TASK GOAL » Once the pictures are set aside, transcribe each line of the listing exactly.

INPUT DATA »

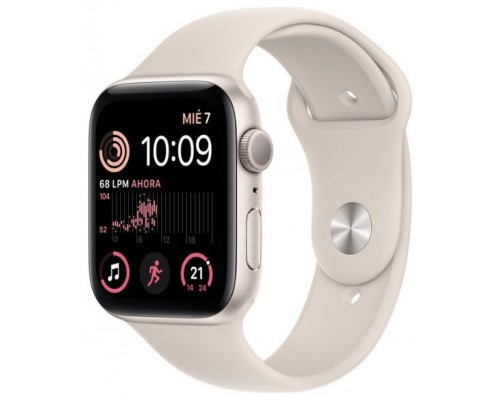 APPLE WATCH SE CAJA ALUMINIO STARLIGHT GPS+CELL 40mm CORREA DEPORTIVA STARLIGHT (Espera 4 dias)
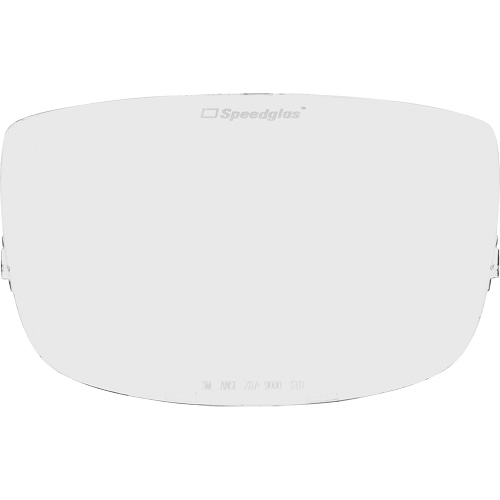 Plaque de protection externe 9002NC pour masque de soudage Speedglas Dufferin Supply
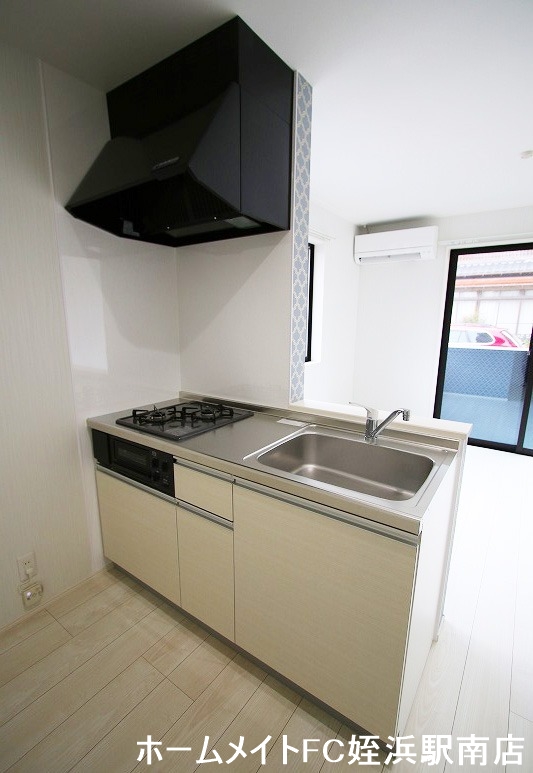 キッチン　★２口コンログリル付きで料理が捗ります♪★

RESULT OF THIS TASK »
 APPLE WATCH SE CAJA ALUMINIO STARLIGHT GPS+CELL 40mm CORREA DEPORTIVA STARLIGHT (Espera 4 dias)
 Plaque de protection externe 9002NC pour masque de soudage Speedglas Dufferin Supply
 キッチン　★２口コンログリル付きで料理が捗ります♪★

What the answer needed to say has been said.